Dhaba Butter Chicken

I stay in Bangalore with my husband and I order butter chicken very often, just trying to find that perfect butter chicken which will take me back to the authentic taste of butter chicken of dhabas and restaurants of North. There are a few good butter chicken but I have never had one that nailed the flavor and was even close to the likes of Bhaape da dhaba or Kakke the dhaba in Connaught Place.
So I thought why are we so tied to the idea of eating butter chicken from outside. Its a reasonable dish and I am sure can be definitely made at home. And so I did, I made it at home and it absolutely kicked ass!
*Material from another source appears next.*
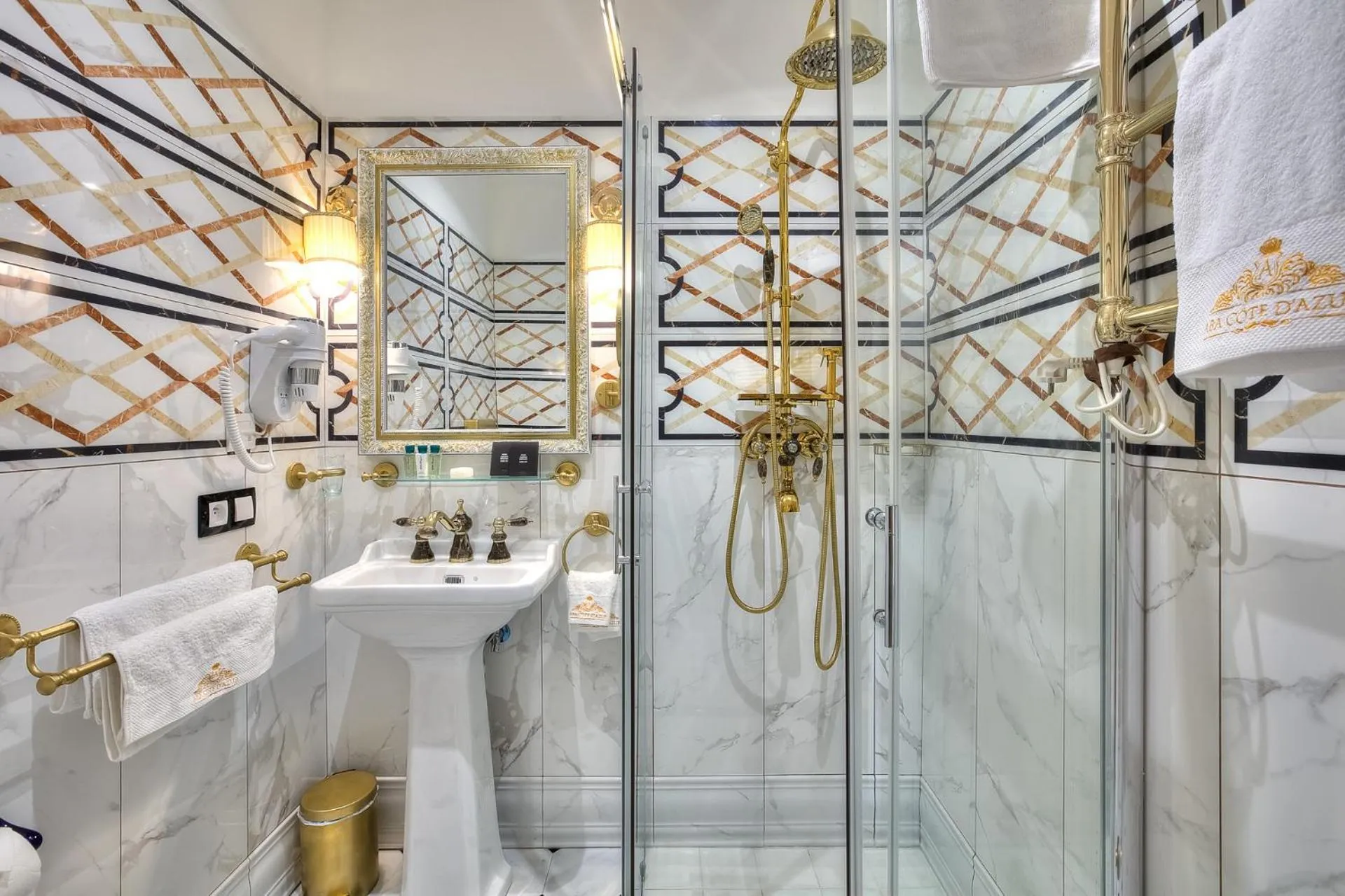 ABA LUXURY B E B Nice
I also made Tava naan for this just for effect and full feel 😋


This is not a very quick dish but definitely an easy one.
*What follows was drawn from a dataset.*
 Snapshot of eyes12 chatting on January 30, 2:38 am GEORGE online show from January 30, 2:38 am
I can comfortably say its better than 99.5% of butter chicken in Bangalore(may be I’m a bit arrogant 😜). Plus you can enjoy this dish for 2 to 3 meals. And I hope you know that butter chicken tastes 10 times better the next day. Nuff said! lets see what goes in

What do you need?
  1. 1kg chicken Curry cut (large pieces). Order licious (https://m.licious.in/chicken)
  2. 100 ml fresh cream
  3. Tomatoes 5 to 6 large
  4. Cashews handful
  5. Ginger garlic paste - 4 tbsp
  6. Green Chillies 4
  7. Garam masala
  8. Kasuri methi - 3 tbsp 
  9. Green Cardamom -4
  10. Bay leaf- 2, cinnamon stick 1
  11. Cloves - 4
  12. Curd - 5 full table spoons
  13. Lemon
  14. Oil-2spoons ( Refine or Mustard)
  15. Salt, red chilli powder 
What you need to do?
  1. First Marinade for chicken: Wash and dry the chicken. Add 1tbsp oil, salt, red chilli powder and leave aside for 30 mins
  2. Second Marinade: Add curd, 1tbsp Garam Masala, Coriander powder 1/2 spoon, 1tbsp Kasuri Methi, 1tbsp Ginger garlic paste and leave it aside for 2 hours, 4 hours or overnight. The longer the better ( ideally Marinade 1 night before)
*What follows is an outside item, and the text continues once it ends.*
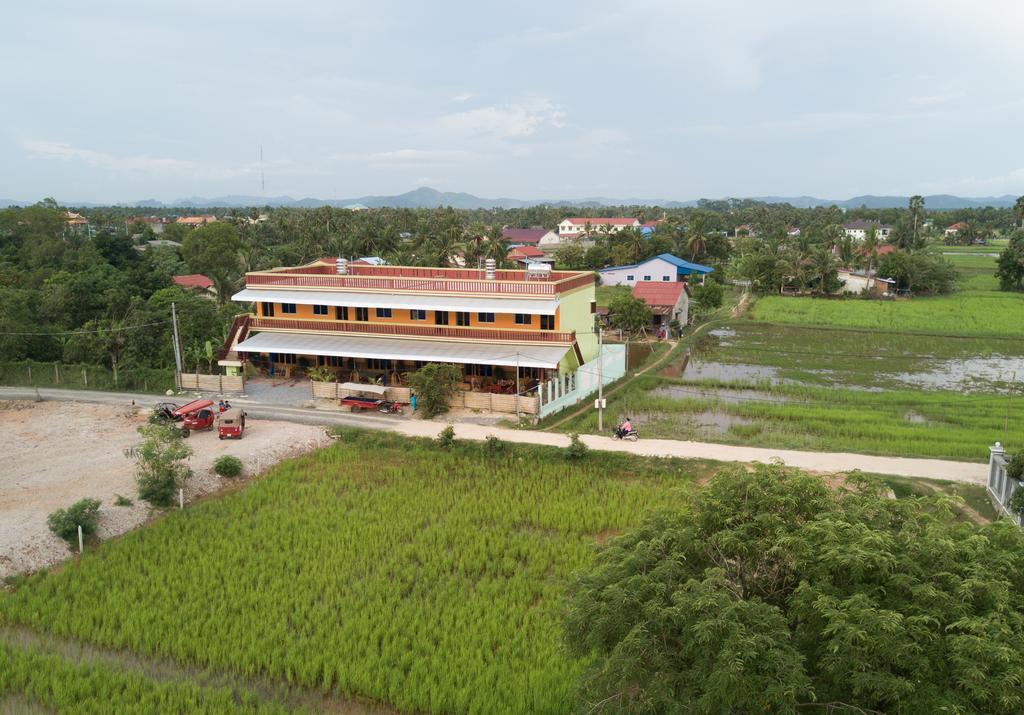 Nomads Guesthouse Kampot Eksteriør bilde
  3. If you have an oven then grill the chicken in an oven at 220 degrees or above for atleast 20 mins or more. In case you don’t have an oven, grill it in a pan on the gas by adding 2 tbsp butter and adding the chicken and constantly stirring and cooking the chicken till all water evaporates and chicken looks almost cooked
  4. Wash the tomatoes and blanch them in boiling water for 5 mins. Peel the tomato skin and purée it in a mixie (This step could be replaced by 200 ml tomato purée but fresh tomatoes tastes much better ) 
  5. In a big pan heat 1tbsp oil, add bay leaf, cardamom, cinnamon and cloves(laung)
  6. Add 3 tbsp ginger garlic paste and slit green chillies. Cook till the ginger garlic paste is cooked
  7. Meanwhile make a purée of cashews with half water half cashew.
  8. Add the tomato purée and cook it till the masala in the pan is cooked ( when oil starts to leave from the side) 
  9. Add 1 tbsp garam masala and 1/2 tbsp coriander powder
  10.  Add one cup of water, cashew purée, 2 tbsp of kasuri methi, 1/2 tbsp red chilli powder, salt to taste and 1/2 tbsp sugar(you can add a little more but butter chicken is authenticaly not supposed to be very sweet unlike the imitations we get in restaurants)
  11. Bring the curry to boil and Let it boil for 4 mins before adding chicken. Add chicken and cook for 15 mins so the chicken pieces soak the gravy
  12.  Add chilled fresh cream and switch off the gas
  13. After the gravy cools a little you could add chopped coriander and little kasuri methi for garnish 
Here you go! Fresh, better than restaurant butter chicken at home. More succulent and more authentic and really great dish economically too. Vegetarians can simple replace this dish with paneer. 
Cooking this dish with your friends or spouse or partner on a weekend makes for some good fun. You could also make some Tawa Naan and Sirka pyaaz(for full dhaba or North Indian restaurant feel) both of which I will be blogging in a couple of days.